発展するほどお互いの容姿がマズかったんだろか?

子供も旦那も放るくらいの勢いだったのに、いきなりそれかよ!


今後、またこんな気まずい雰囲気になるくらいなら、

最初からみんなで画像交換とかするべきかもな。

レナも今後こんなことにはならないだろう。

それはそれでよかったな。


次の日、メールを受信するとケイタとレナからメールがきていた。

先にレナのメールを開いてみた。


・・・・・・・・・・・・・・・・・


― まいったわー −


昨日はごめんなぁ。

いやーまいった。ケイタのことちょっと夢見すぎてたわ(笑)

ケイタの写真見たら、猿やってん!

ちょっと猿は勘弁やわ。まだうちの旦那のほうがマシやった(笑)


いろいろごめんなー。もう真面目に主婦するわ。

んじゃ、また夜になー 


レナ                           


・・・・・・・・・・・・・・・・・


失笑である。それも限りなく薄い失笑。

次にケイタのメールを見た



・・・・・・・・・・・・・・・・・


― やっぱ持田がいい ―


リオの言うとおり、画像交換したんだけどさ、

やっぱ見ないと駄目だな。

俺、無理かもしれないと思ってさ。

そしたらあっちもそうだったみたい。

性格重視とか言ってたけど、突然目が見えた患者の気分になってさ。


やっぱ見た目とかって大事かもな。

いやー。

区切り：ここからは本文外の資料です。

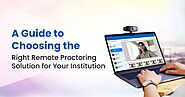 How to Choose the Best Remote Proctoring Solution in 2024?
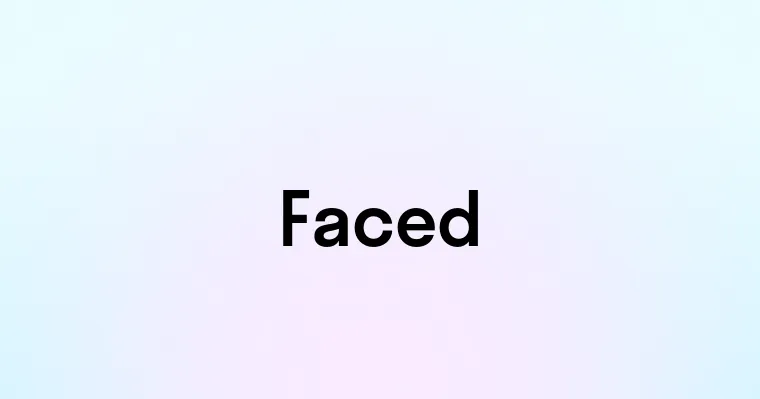 Faced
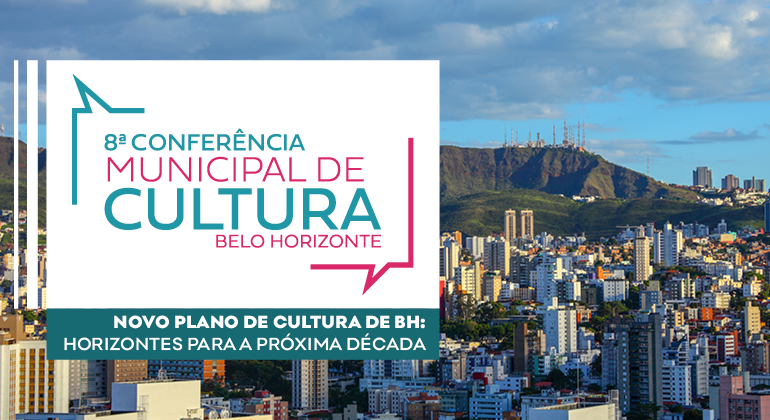 PBH abre inscrições para a 8ª Conferência Municipal de Cultura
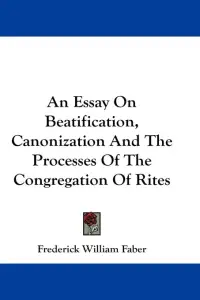 An Essay On Beatification, Canonization And The Processes Of The Congregation Of Rites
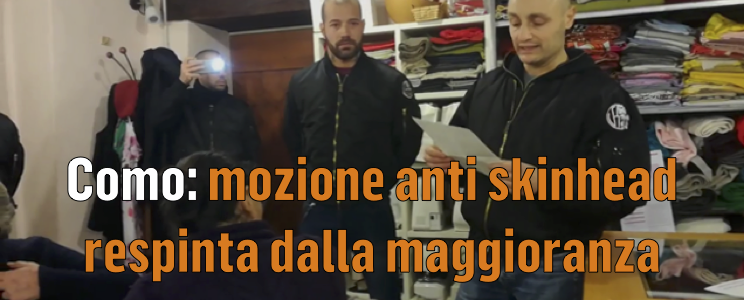 Como: mozione anti-skinhead respinta dalla maggioranza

アドバイス聞いててよかったよ。

さんきゅ。

レナとはこれからはいい友達でいけると思うからさ。

心配かけて悪かったな。

じゃ、またチャットで〜


ケイタ


・・・・・・・・・・・・・・・・・





二人が二人ともアウトだったようで・・・

レナの「(笑)」マークがなんとも脱力感をあらわしていた。

ケイタの「目の見えた患者」ってのも実際どうかと思うけど。

そして、こんな最後を飾った二人に対してあんなに

慌ててた自分もどうかと思う。


きっと、他にもいっぱいネットで相手に

夢を見て毎日ワクワクしている人がいると思うが、

やはりワクワクする前に相手がどんな感じかだけは

チェックしてから他人に言うべきだとつくづく思った。


たしかに文字だけでも、優しくされれば悪い気はしない。

「好きだ」と言われればそれこそ嬉しい気分にもなるだろう。

が、その時は少し冷静になって自分の理想の

タイプ像を今一度思い返してみる時間も必要だと思う。


文字で優しく、リアルで優しく、

画像を見ても完璧タイプで声も素敵なら

もうしぶん無いが、そんなにウマくはいかないのが人生だったりする訳で。


そんな苦い思いをしながらも毎日ネットをしてる人は

どのくらいいるんだろう。


そんなことを考えながら、薄い笑いを浮かべメールボックスを閉じた。


さてと。

なにもなかった顔をして、今日もチャットルームにいってみようかな。


そうして部屋の文字をWクリックして、

何事も無かった顔をして入室した。

今後、このことは封印しておこう。

お互いがNGだったことは言うまい。

どっちにも「さぁ?どうだったんだろね?」ってことにして。

自分はタイプじゃなくても、相手にはタイプであってほしいものだしね。


でもケイタは猿という情報はあたしの中に深くインプットされた。